The method of the present invention may include the step of washing the polymeric composition to remove the embedded network of gelator. A polymeric composition comprising nanostructured cavities is suitably formed following the washing step. The nanostructured cavities are suitably in the form of a series of channels imprinted in the polymeric composition corresponding to where the embedded network of gelator had been. Suitably the polymeric composition is washed with a solvent such as methanol to generate a micro- or nano-channelled networked structure.

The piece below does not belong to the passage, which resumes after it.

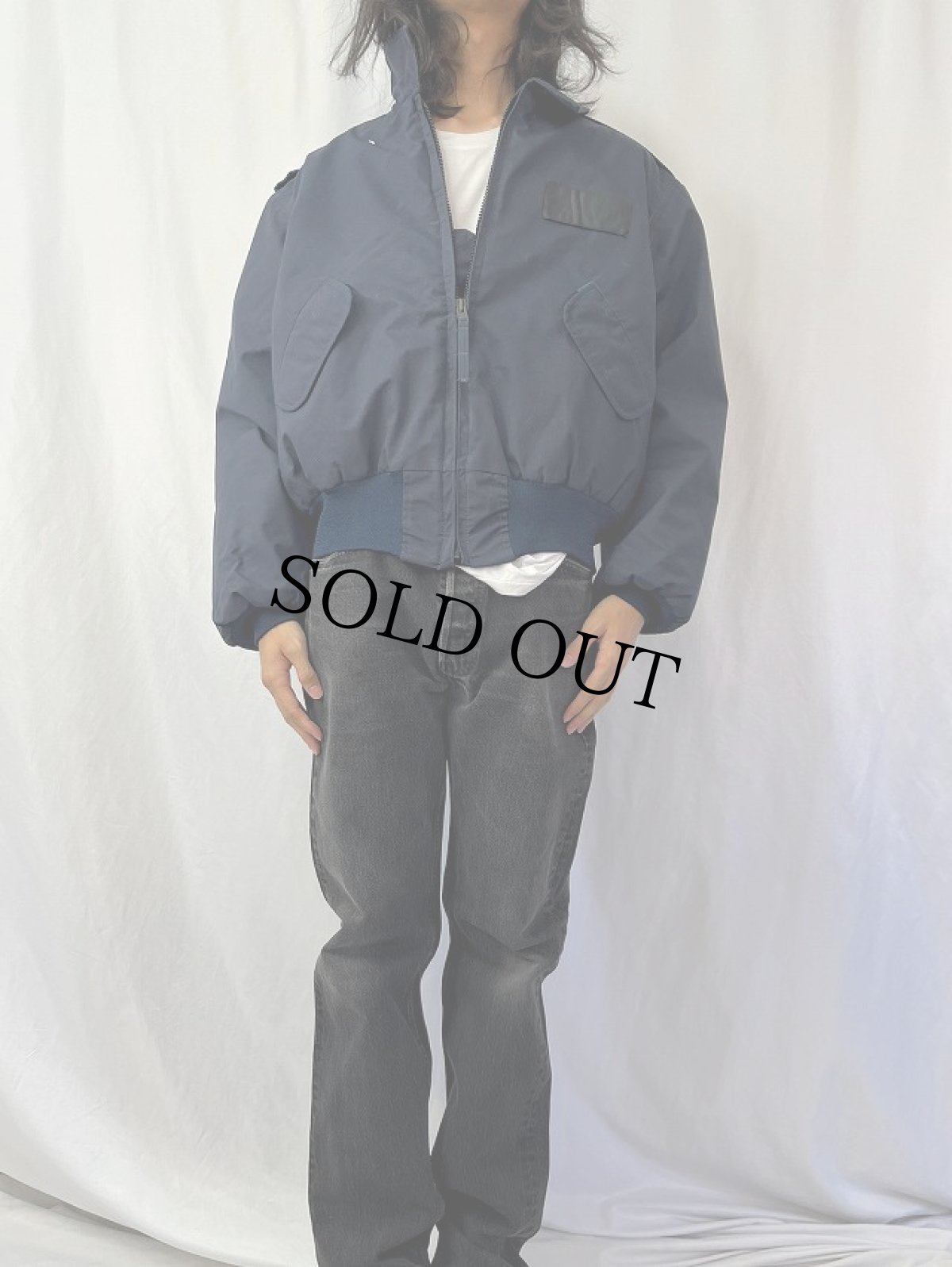 画像2: 90's U.S.COAST GUARD セキュリティポリスジャケット X-LARGE (2)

This networked structure may be applied as a host to provide a template for infilling with additional moieties to provide new functionality such as electrical conductivity, ion permeability and encapsulation and release or optical and colouration effects. For use in such applications as electronic materials, including batteries and transparent conductors or biomechanical applications such as diagnostics and controlled release.

The structure of the gelator removed through the washing step is typically the same as the structure of the gelator contacted with the monomeric mixture indicating that the structure of the gelators may be maintained throughout the polymerisation process. This structure may or may not be chiral.

Where the gelator component comprises functional groups, the functional groups typically remain attached to the gelator throughout the polymerisation process and may be removed through the washing step.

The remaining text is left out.